Traditional economics, by contrast, utilizes a very different sort of theoretical strategy. It employs a normative judgment strategy that operates from the top down (as does, for example, Chomskyan linguistics). It begins with an idealized account of humans as rational actors (or, in the case of linguistics, as ideal speaker-listeners) who recognize and make optimal decisions about economic matters (or, again in the case of linguistics, grammatical form).

Their judgments about those matters carry normative force. They are judgments about how a rational actor should proceed.

For example, all else being equal, consumers almost always opt for purchasing a product at a lower price rather than a higher one. Such idealizations readily lend themselves to mathematical modeling—whether of rational consumers, of types of exchanges, or of markets—from which economists can derive predictions about the world. The presumption is that people mostly do what they ought to do, according to these normative models of economic behavior—and, often, they do.

But Sometimes They Do Not

What studies in behavioral economics have repeatedly demonstrated is that sometimes people’s behaviors not only stray but stray systematically from classical economists’ idealized models. For example, consider findings about the Ultimatum Game.
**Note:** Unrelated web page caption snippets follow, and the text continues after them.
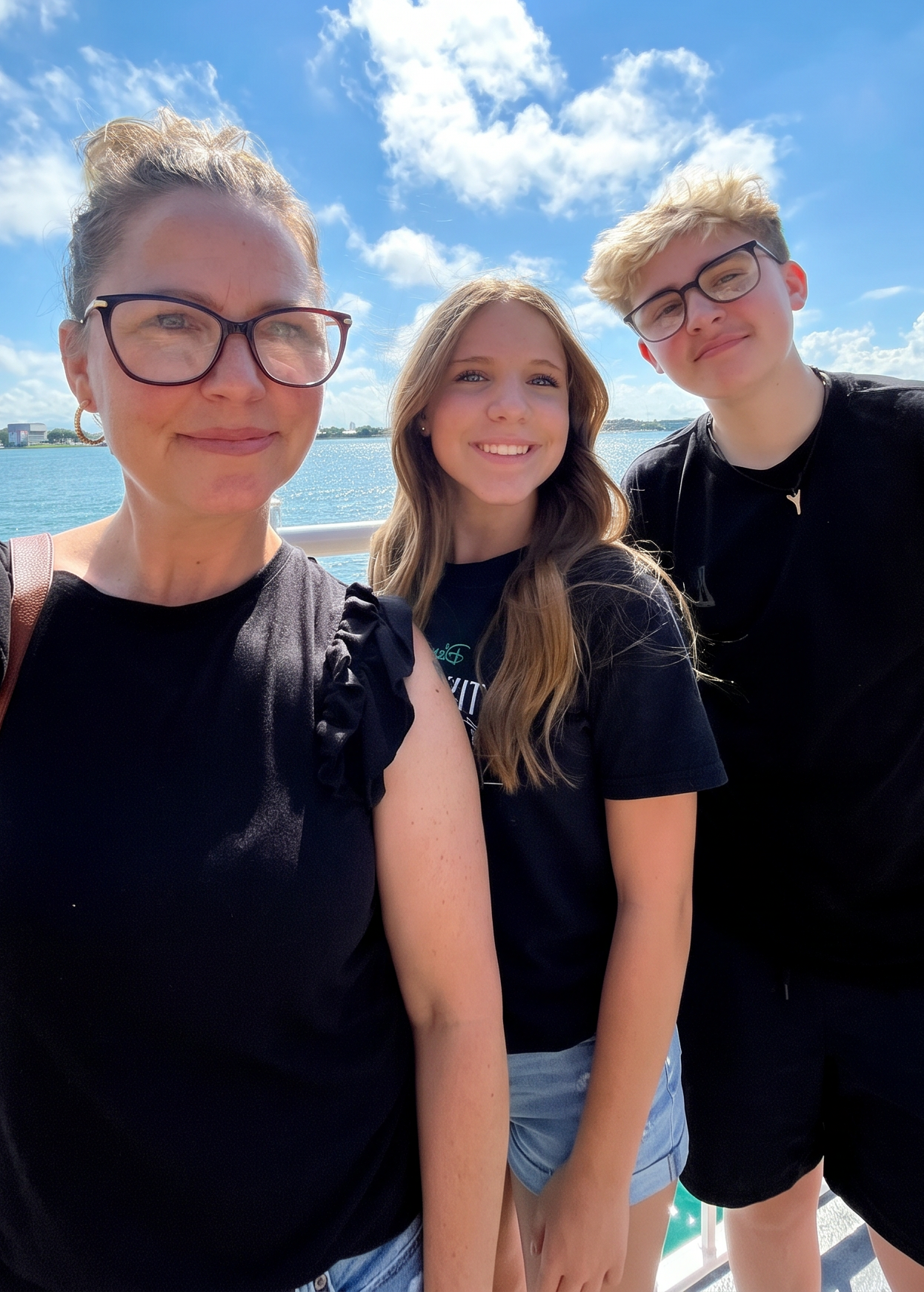 Melissa, Hunter, Charlie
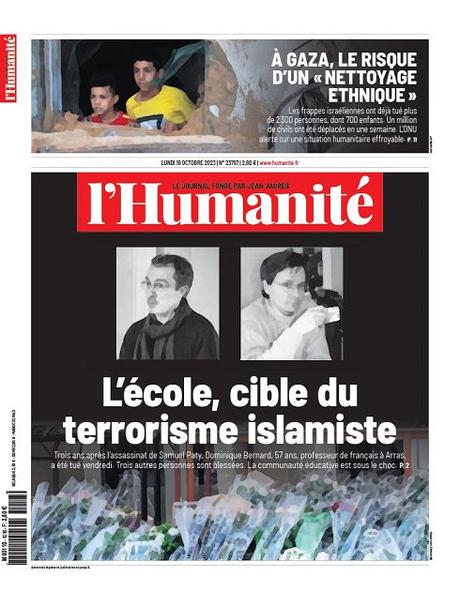 Attentat d'Arras : Dominique Bernard, c'est Samuel Paty et Arnaud Beltrame Attentat d'Arras : Dominique Bernard, c'est Samuel Paty et Arnaud Beltrame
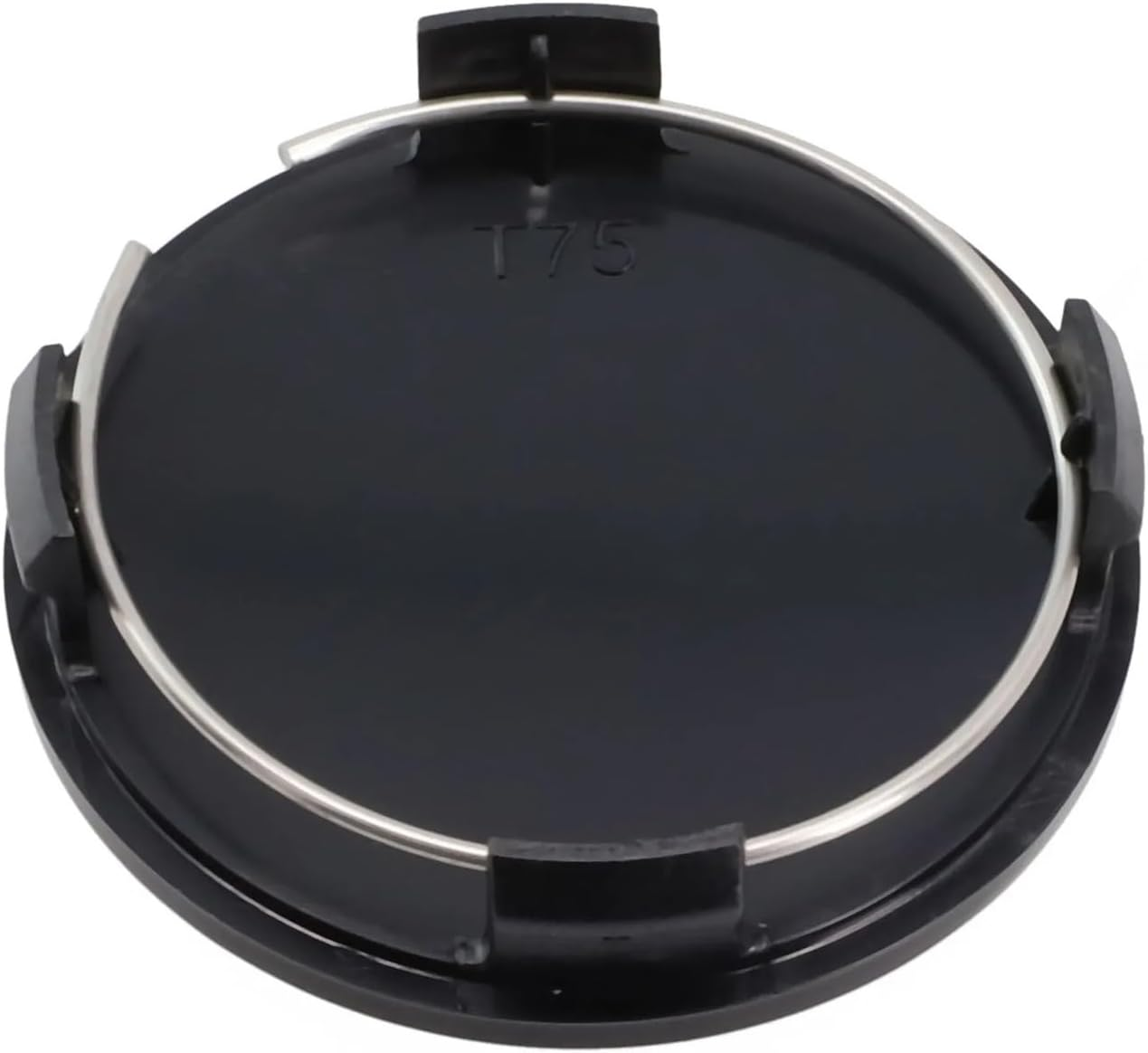 4Pcs Car Vehicle Wheel Hub Center Cap Cover Universal ABS Car Wheels Center Cap Hubcap Black 75Mm Car Accessories image number 3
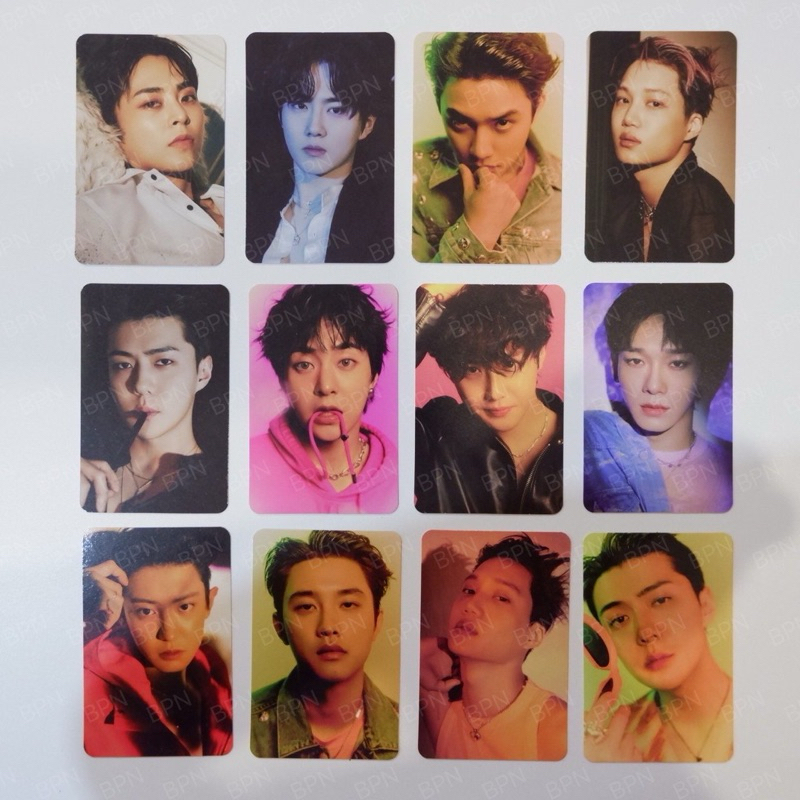 (พร้อมส่ง ) การ์ด EXO (เซตที่ 13)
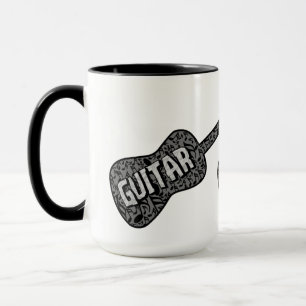 Taza Guitar Music Notes Text
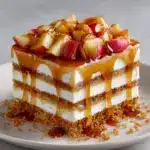 Caramel Apple Cheesecake Cake Recipe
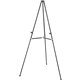 Quartet Lightweight Telescoping Display Easel - 25 lb Load Capacity - 66" Height - Aluminum, Steel, Metal - Black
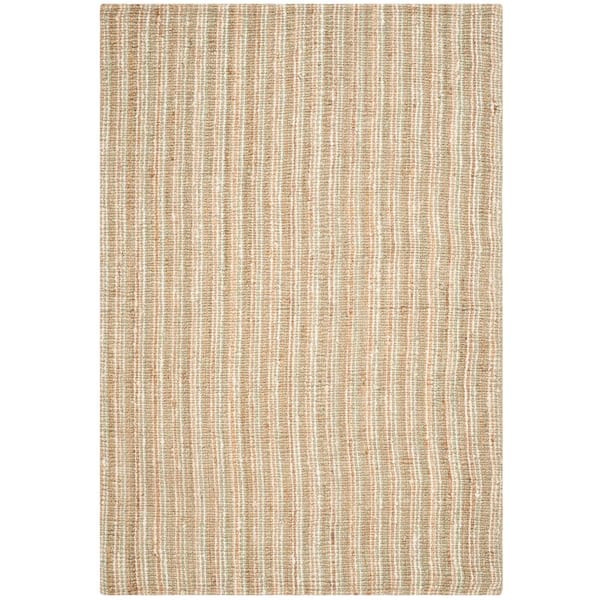 Natural Fiber Sage/Natural 9 ft. x 12 ft. Woven Crosstitch Area Rug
In the Ultimatum Game, the arrangements are completely transparent to both players. One player, the proposer, is given a sum of money, which is to be split with the second player, the responder. The proposer offers some percentage of the total amount to the responder—say, an amount between 1 percent and 100 percent. If the responder accepts the offer, each player receives the amounts the proposer’s offer prescribes. Crucially, though, if the responder rejects the proposer’s offer, then neither player gets anything.
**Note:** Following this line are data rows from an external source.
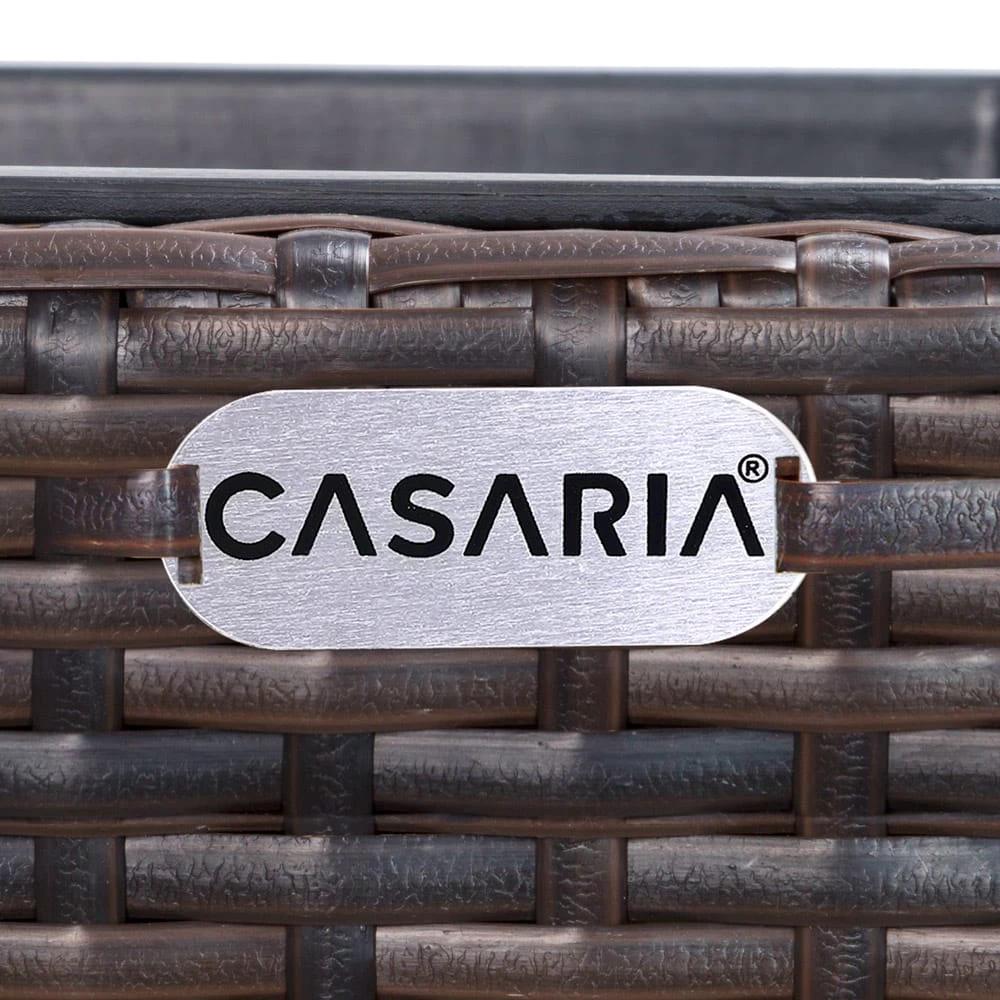 Polyrattan Blumentopf 3-tlg. Braun 6 Polyrattan Blumentopf 3-tlg. Braun – Bild 4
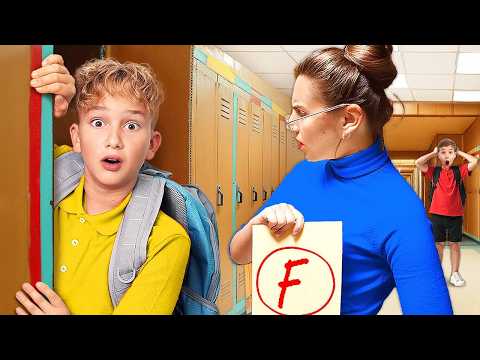 कार्डबोर्ड स्कूल में 24 घंटे!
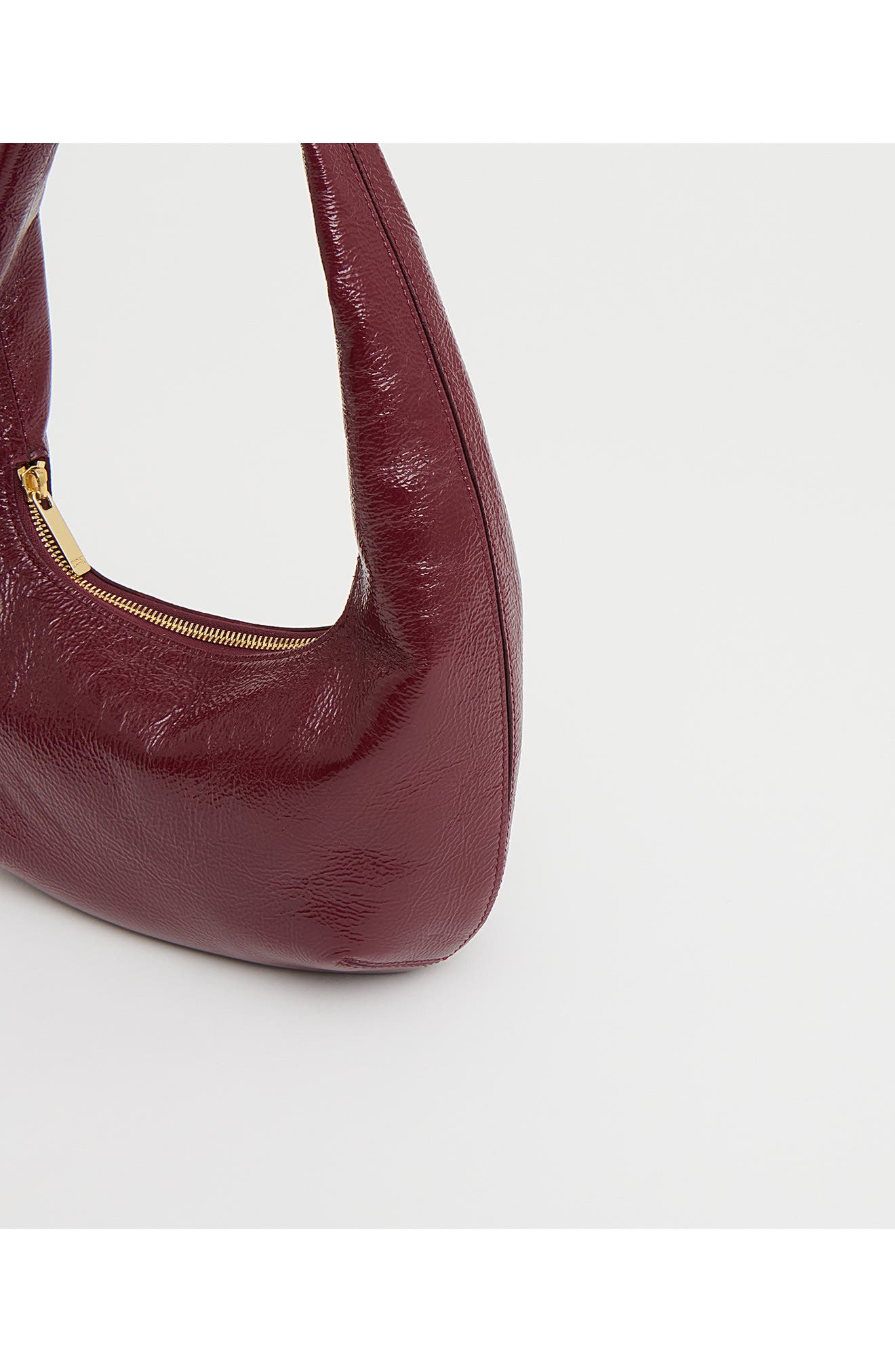 Mini Gnocchi Leather Hobo Bag, Alternate, color, CLARET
On the classical economic account, the proposer should make the lowest possible positive offer, since the responder should accept any positive offer, as the responder will be better off thereby. It probably comes as no surprise that behavioral economists have found something quite different.

Playing the Ultimatum Game with American undergraduates shows roughly that proposers usually make offers between 40 percent and 50 percent and that more than half of responders will reject offers below 20 percent. It is no doubt even more surprising to both traditional and behavioral economists that in some cultures many proposers offer more than 50 percent and sometimes a good deal more!

References

Gűth, Werner, Schmittberger, Rolf, and Schwarze, Bernd. (1982). An experimental analysis of ultimatum bargaining. Journal of Economic Behavior & Organization 3 (4), 367–388.

Henrich, J., Boyd, R., Bowles, S., Gintis, H., Fehr, E., Camerer, C., McElreath, R., Gurven, M., Hill, K., Barr, A., Ensminger, J., Tracer, D., Marlow, F., Patton, J., Alvard, M., Gil‑White, F., and Henrich, N. (2005). "'Economic Man' in Cross‑Cultural Perspective: Ethnography and Experiments from 15 Small‑Scale Societies," Behavioral and Brain Sciences 28(6), 795–855.

Kahneman, D., Slovic, P., and Tversky, A. (eds.). (1982). Judgement Under Uncertainty: Heuristics and Biases. Cambridge: Cambridge University Press.

McCauley, R. N. and Lawson, E. T. (1993). "Connecting the Cognitive and the Cultural: Artificial Minds as Methodological Devices in the Study of the Sociocultural," Minds: Natural and Artificial. R. Burton (ed.). Albany: State University of New York Press, pp. 121–145.

Robert D. Hershey Jr. Daniel Kahneman, Who Plumbed the Psychology of Economics, Dies at 90. New York Times. March 27, 2024.